Here, the total energy entering the system is $E_{\text{in}}$, the total energy leaving the system is $E_{\text{out}}$, and the change in the total energy of the system is $\Delta E_{\text{system}}$.

Simplify Equation (II) and write energy balance relation of refrigrent-134a.

  ${\dot{W}}_{\text{in}}+\dot{m}{h}_1={\dot{Q}}_{\text{H}}+\dot{m}{h}_2$        (II)

Here, The heat rejected in the condenser is ${\dot{Q}}_{\text{H}}$,

The initial specific enthalpy of the condenser is $h_1$ and the final specific enthalpy of the condenser is $h_2$.

Substitute ${\dot{W}}_{\text{in}}=0$ in Equation (II) and write the expression for the energy balance on the heat rejected in the condenser.

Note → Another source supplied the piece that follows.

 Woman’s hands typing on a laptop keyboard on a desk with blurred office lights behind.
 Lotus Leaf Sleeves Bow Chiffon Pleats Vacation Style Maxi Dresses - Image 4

  ${\dot{Q}}_{\text{H}}=\dot{m}\left(h_1-h_2\right)$        (III)

  $\begin{array}{c}{\dot{Q}}_{\text{H}}=\left(0.018\text{kg}/\text{s}\right)\left(271.21\text{kJ}/\text{kg}-95.48\text{kJ}/\text{kg}\right)\\ =\left(0.018\text{kg}/\text{s}\right)\left(175.73\text{kJ}/\text{kg}\right)\\ =3.163\text{kJ}/\text{s}\times \left(\frac{\text{kW}}{1\text{kJ}/\text{s}}\right)\\ =3.163\text{kW}\end{array}$

Write the expression for the rate of coefficient performance of a heat pump.

  ${\text{COP}}_{\text{HP}}=\frac{{\dot{Q}}_H}{{\dot{W}}_{\text{net,in}}}$

  $\begin{array}{c}\text{COP}=\frac{3.163\text{kW}}{1.2\text{kW}}\\ =2.6359\\ \cong 2.64\end{array}$

Thus, the COP of the heat pump is $\underset{\_}{\text{2}\text{.64}}$.

(b)

To determine

The rate of heat absorbed from the outside air.

Explanation of Solution

Write the expression for the rate of conversation of energy principle for refrigerant 134a.

  $\begin{array}{l}{\dot{W}}_{\text{in}}={\dot{Q}}_H-{\dot{Q}}_L\\ {\dot{Q}}_L={\dot{Q}}_H-{\dot{W}}_{\text{in}}\end{array}$

  $\begin{array}{c}{\dot{Q}}_L=\left(3.163-1.2\right)\text{kW}\\ \text{=1}\text{.96}\text{kW}\end{array}$

Thus, the rate of heat absorbed from the outside air is $\underset{\_}{1.96\text{kW}}$.